As Freedom House wrote in a letter to the UN urging the majority democratic countries to vote against Libya last week: "The United Nations itself has voiced concern over Libya's human rights practices including extra judicial and summary executions perpetrated by state agents, arbitrary arrest and long-term detention without trial, systemic use of torture and other ill- treatment or punishment, imposition of the death penalty for 'political and economic offences,' and numerous restrictions on freedom of expression and, in particular, the right to express opposition or criticism of the government."
What's most shameful is that most of the 32 democratic countries on the commission did not vote against the election of Libya by the African bloc of countries enthralled of late by the oil money Gadhafi has sent their way by means of a new political body of African fellowship called the African Union.
It was Africa's turn to pick the new chairman and because of Libya's oil money, Libya was the only country on the ballot.

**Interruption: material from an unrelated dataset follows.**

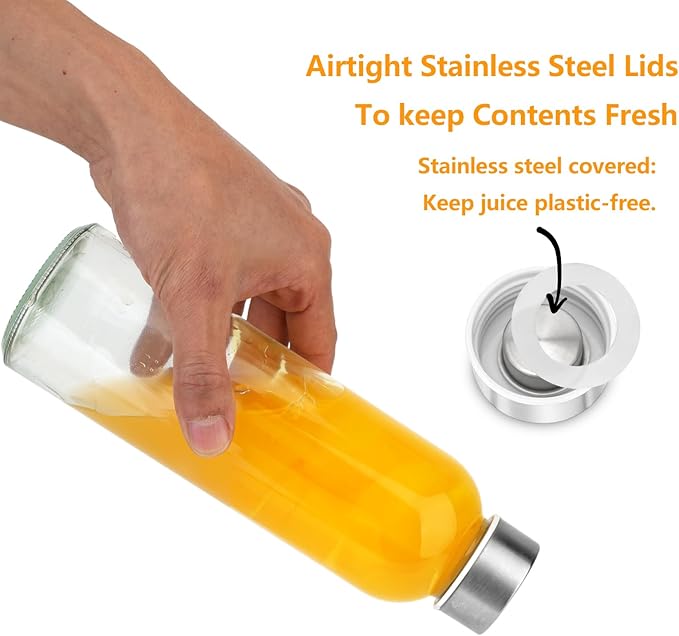 Glass Juice Bottles with Lids for Juicing 24 oz, Reusable Clear Glass Water Bottles with Stainless Steel Airtight Cap for Refrigerator, 100% Leak Proof, BPA Free, ECO Friendly, Set of 3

Canada, the U.S. and Guatemala voted against Libya, the only countries to do so. The other democracies either abstained or voted for it.
Adrian Karatnycky, the president of Freedom House, points out that a recent study of voting patterns at the Human Rights Commission found that from 1995 to 2000, most of the world's most repressive states, including Belarus, China, North Korea, Laos, Pakistan, Syria, Tajikistan, Turkmenistan, Uzbekistan, Vietnam and Libya, successfully avoided any censure.
Meanwhile, Israel, which is trying to defend itself against those who believe in the righteousness of murdering children on school buses is condemned at every opportunity.
The group Human Rights Watch is urging the United Nations to change the rules determining who can win a seat on the UNCHR, including that they must ratify the main human rights treaties and allow United Nations investigators to visit at any time.
Canada should take up this cause and press for change and if change doesn't take place, Canada should resign from the commission and urge all other democracies to do likewise.
To do otherwise is to be complicit in farce and injustice.